Что сказать о тогдашнем казанском обществе? Провинциальная аристократия, казалось, оградила себя каменной стеной от ученых плебеев, из которых большая часть и сама, по образу своей жизни, избегала проникнуть через нее. Я посещал только два-три дома, не великосветских, но радушных, приятных. Еще сквозь туман нескольких десятков лет, среди казанских болот выступает для меня, как цветущий оазис, дом г-жи Геркен, вдовы с несколькими дочерьми, милыми, умными, образованными. В кругу их я отдыхал сердцем и головой от мрачной университетской жизни. Если кто-нибудь из членов этой семьи ныне живет в Казани, то я прошу его снести мой сердечный поклон на могилу их матери и принять от меня горячую благодарность за те прекрасные часы, которые я провел в их доме.

Редко, редко когда, бывало, услышишь слово о литературе, и то робко, как о запрещенном плоде. Во время моего пребывания в Казани появились два яркие явления: одно атмосферическое на небе, с ужасным треском и гулом, другое на земле, литературное. Одновременные, если не одночасные, они смутили сердца старых барынь и наших аскетов, и, по словам их, предвещали несчастия, едва ли не преставление света. Литературное - была бессмертная комедия Грибоедова. Она появилась здесь в рукописи. Между молодым поколением ее вырывали из рук, хотя, как запрещенная, она жгла их, списывали по ночам, в несколько дней знали наизусть. Горе было бы тому, у кого она попалась бы на глаза университетской полиции!

Театра номинального не было тогда в Казани, но разыгрывались в обществе и оперы, и комедии, и трагедии благородными актерами. Местность губернии представляла такую великолепную сцену, какой не могла представить другая; артисты были мастера своего дела. При мне была особенно в ходу волшебная опера: Дровосеки. Поднимается занавес. Декорации представляют друидические, вековые, дубовые леса. Мрак их и тишина обхватывают вас ледяным холодом. В глубине сцены возвышается холм и на нем каменный идол, безобразно иссеченный. Вдруг тишина и уединение нарушаются приходом толпы Чуваш, Мордвы, Черемис, сооружается огромный костер; жрец начинает свои волхвования, костер пылает, и на него падают закланные животные - жертвоприношение грозному богу. Дикое пение, дикие пляски. Среди этого ликования раздается более стройный хор. Дикари в тревоге: они почуяли, что идут новые господа этих лесов, и в страхе разбегаются. Являются на сцену толпы русских крестьян с топорами и секирами; во главе их идут вожди в одеждах образованных стран. По ритурнелю одного из них блещут разрушительные орудия и падают вековые деревья. Стук топоров, жалобный стон маститых лесных старцев, преклоняющих голову свою пред стопы победоносных пришельцев, живые возгласы рабочих, - все это прекрасно выражено в обворожительной для слуха музыке. Но, о диво! из корней деревьев сочится золотой песок. То страх, то радость изображаются на всех лицах. Работники и начальники ощупывают золото - оно не жжется. Тут начинается дележ ниспосланной небом добычи. Он исполняется без крику, без драк, соразмерно ступеням иерархической лестницы. Карманы, мешки, из которых вынуты съестные припасы, набиты драгоценным металлом. Благодарственная молитва довершает этот дележ. Но прежде чем разойтись, главный начальник произносит волшебный пароль. На холме воздвигается новый костер и на нем из блестящего песку, оставшегося на корнях деревьев, выливается золотой телец.

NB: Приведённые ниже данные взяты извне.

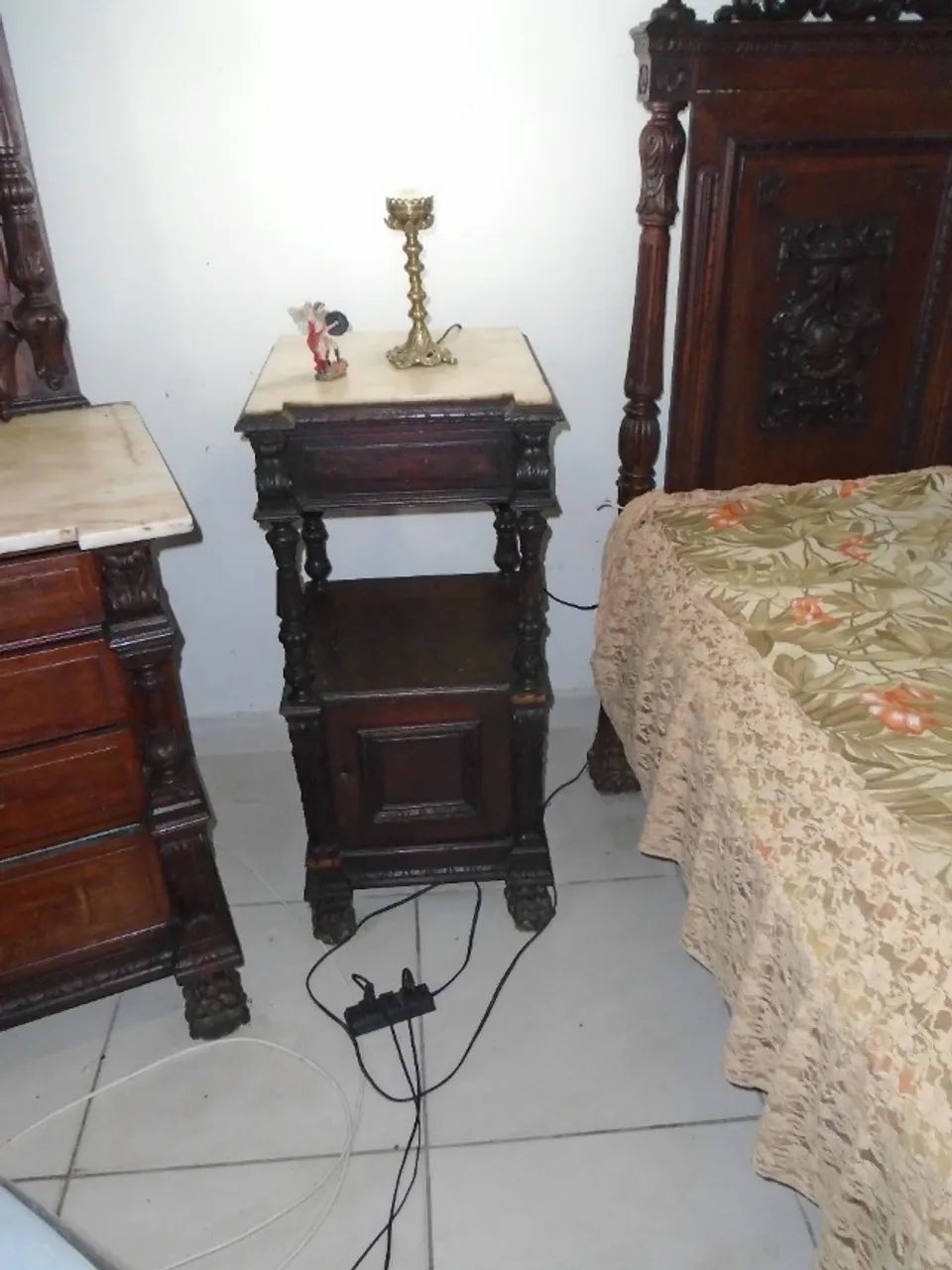 Móveis de antiguidade talhados a mão do final do século XIX  - Foto 4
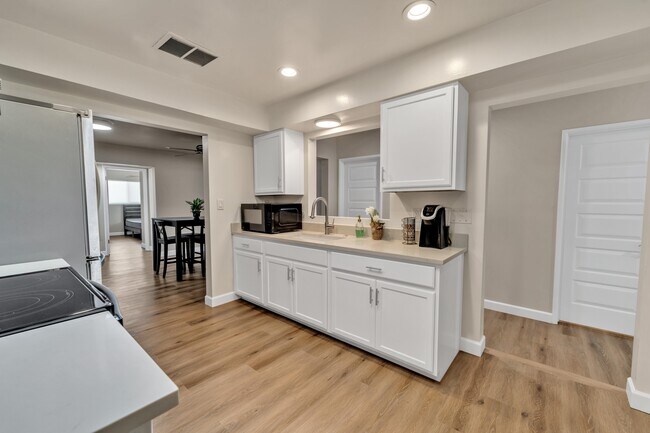 Foto del edificio - 1701 W Hazelwood St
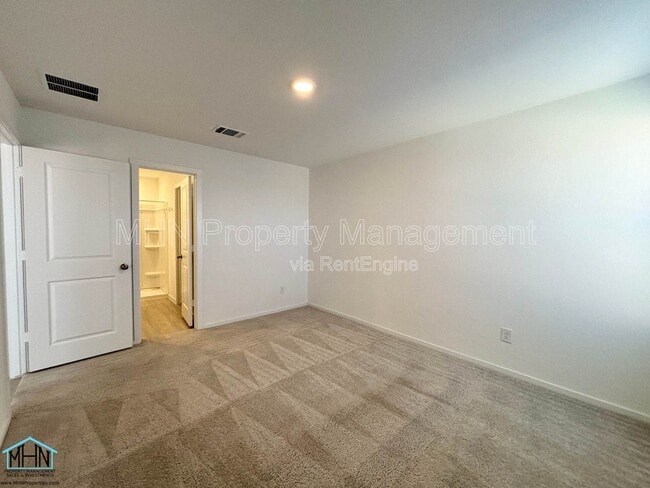 Building Photo - 12931 Kathleen St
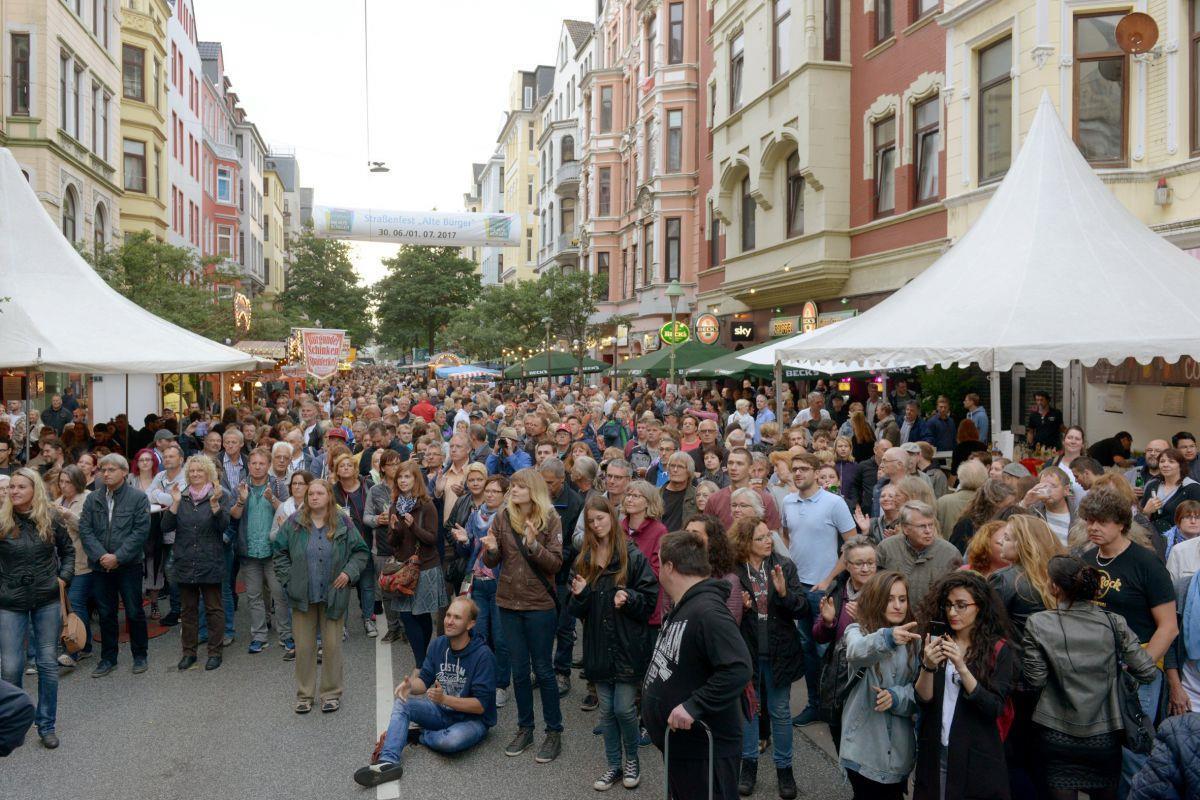 Zusammengefasst! Das war das Wochenende im nord24-Land Gut was los beim Straßenfest "Alte Bürger" in Bremerhaven.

Разыгрывалась при мне и трагедия. Героем ее был обер-страж лесов, из поляков, Не-ский, и я знавал его по службе в гренадерском корпусе, как бедного офицера. Он дослужился до майорства, и, квартируя в Тульской губернии, своею статною, молодецкою фигурой пленил сердце дочери одного из тамошних помещиков, не очень молодой и не очень красивой, получил ее руку с 30 000 придачи, вышел в отставку и приобрел себе место сберегателя лесов Казанской губернии. В благодарность жене за тепленькое местечко, он полосовал и душил несчастную арапником, который равно употреблял на жену и собаку. Под его начальство поступил унтер-страж лесов Казанского уезда, NN. Через месяца два по определении его, обер призывает его к себе и в строгих выражениях напоминает ему, что пора выполнить известные обязанности. Подчиненный в смиренных выражениях докладывает, что он издержался и не успел еще в такое короткое время скопить требуемую акциденцию. Начальник решительно объявляет ему, что если он в 24 часа не принесет, то будет удален от должности и предан суду. Исполнить эту угрозу было легко: грехи, на которые, может статься, и покусился уже NN, а если еще не покусился, то грехи его предместника, которые легко было свалить на него же, могли быть тотчас найдены в первом лесу уезда. Несчастный, не имея в наличности денег и не найдя их в 24 часа, испугался уголовного суда, его ожидавшего, пришел домой и застрелился в своем саду. Но вот и сцена более веселая. Я знавал одного русского мейстера или мастера, который от избытка денег, падавших на него как манна небесная, не зная куда их девать в маленьком городке и от скуки, поил шампанским во всякое время дня и ночи всякого посетителя, был ли то плебей, или благородный. Он служил в лесной глуши, а в глуши-то и привольное житье: тишь, да гладь, да божья благодать; знай только свои урочные обязанности.

Думали ли господа, о которых упоминаю в этой статье, что чрез несколько десятков лет сыщется отшельник, который в своей бедной келье, подобно пушкинскому монаху Пимену, будет описывать их темные деяния. Благодаря обновлению России, эти деяния могут ныне выйти из-под спуда, под которым они были похоронены. Может быть, и теперь есть такие отшельники-летописцы, записывающие, под диктовкою грозной Немезиды, черные дела своих современников. Да и то сказать: пиши и пиши, кричи и кричи, "а Васька слушает да ест".

Кстати, к лесам и темным деяниям. В городе отстраивался дом, бывший под военным ведомством. Раз приезжает ко мне Не-ский в каком-то необыкновенном смущении.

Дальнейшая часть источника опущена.